The built loop device and file format kernel modules are then stored under drivers/block/loop/*.ko.

Building the modules into the Linux kernel¶

If the implementation should be built into the Linux kernel a kbuild configuration file must be prepared first. The configuration file must contain the following configuration options to enable all functionality of the implementation:

CONFIG_BLK_DEV_LOOP=y
ONFIG_BLK_DEV_LOOP_FILE_FMT_RAW=y
CONFIG_BLK_DEV_LOOP_FILE_FMT_QCOW=y

Please keep in mind that the CONFIG_BLK_DEV_LOOP_FILE_FMT_QCOW option requires ZLIB functionality which must be enabled in addition to that. After the preparation of a configuration, the modules can be built into the kernel using the normal Linux build command:

~$ KCONFIG_CONFIG=$(pwd)/config/kernel-qcow2_x86-64_built-in.config make -C implementation/loop

In this example, a default kbuild configuration file is used to test the built-in support of the implementation.

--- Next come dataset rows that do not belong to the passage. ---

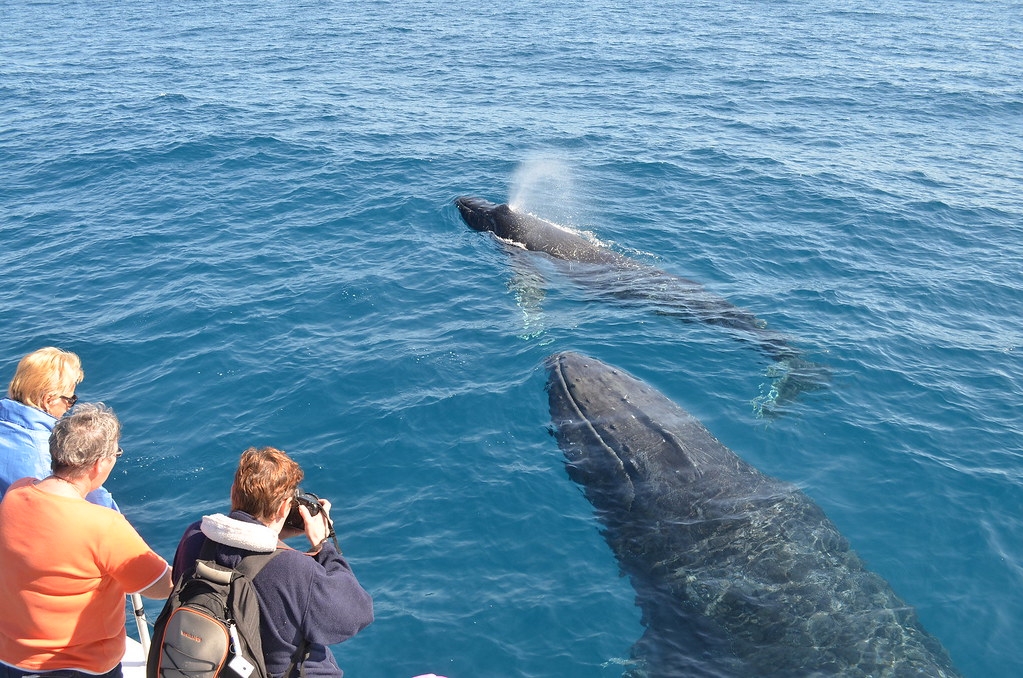 雖然想更靠近一點，但保持適當距離才能讓賞鯨更友善。圖片來源： eGuide Travel （CC BY 2.0）
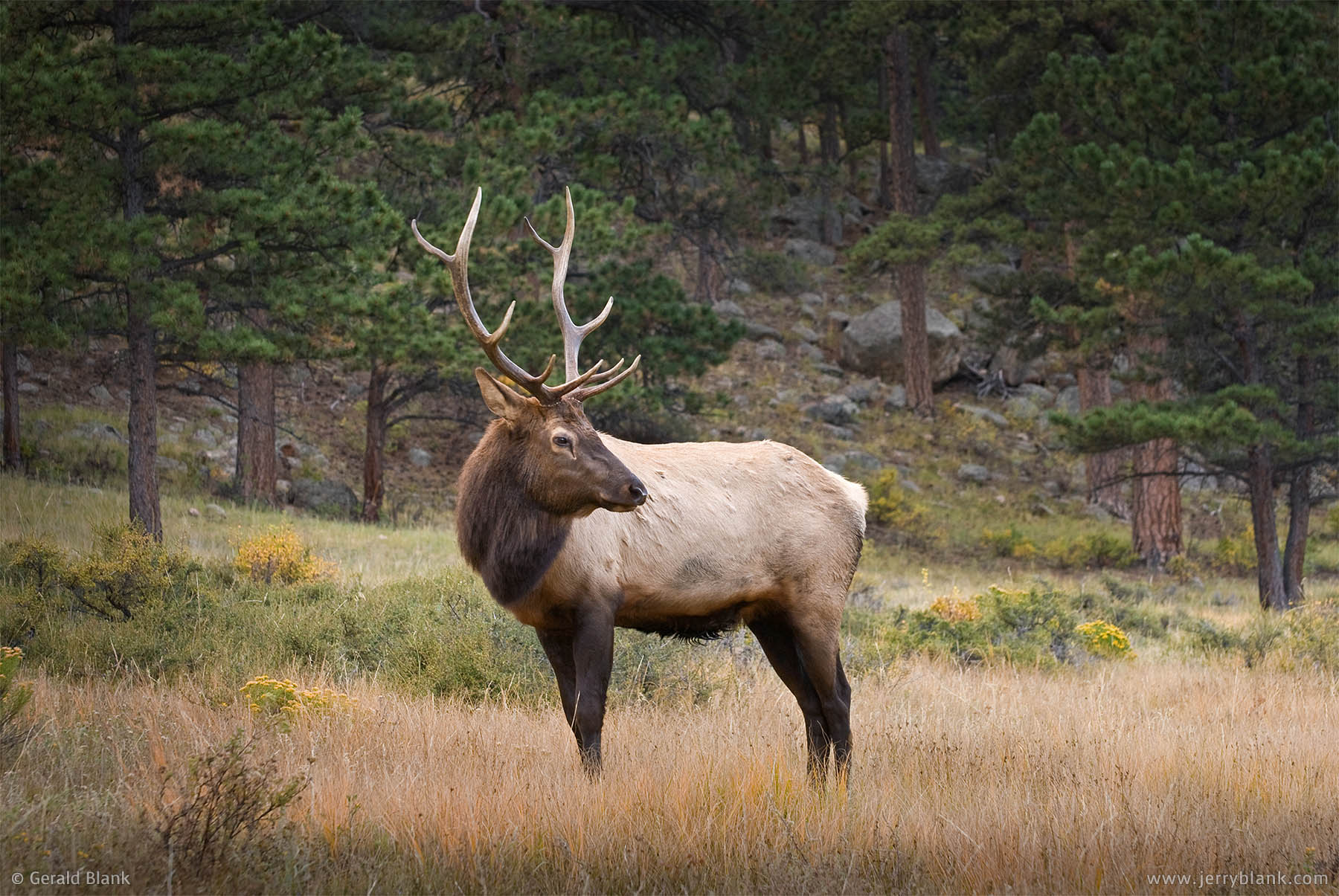 #06446 - Bull elk in Rocky Mountain National Park, Colorado - photo by Jerry Blank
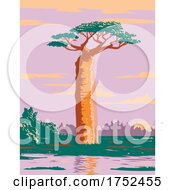 Poster, Art Print Of Grandidiers Baobab Or Adansonia Grandidieri The Biggest And Most Famous Species Of Baobabs In Madagascar Wpa Poster Art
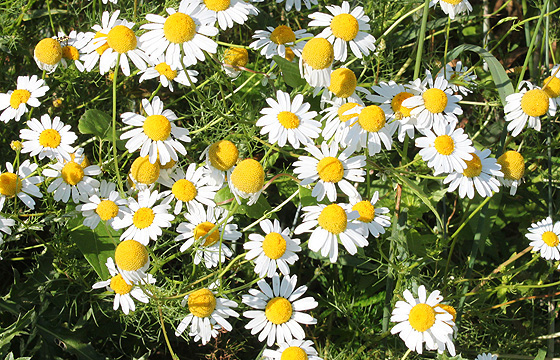 Kamille auf der Wiese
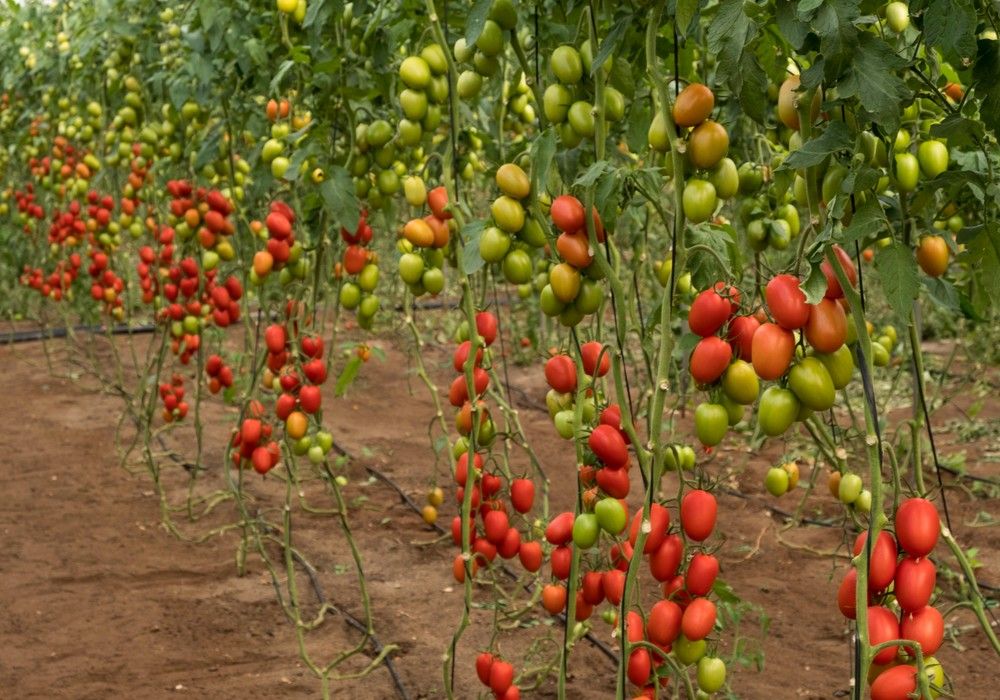 Syngenta posiciona Ibai y Koshima y lanza los nuevos asurcados Galadriel y Bukovina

Building the losetup utility¶

The userspace tool losetup can be built manually by executing the following commands:

~$ cd implementation/losetup
~$ ./tools/config-gen all
~$ make losetup

The built losetup utility program can be found in the current directory. The suitable libraries in case of a shared build can be found in the directory .libs.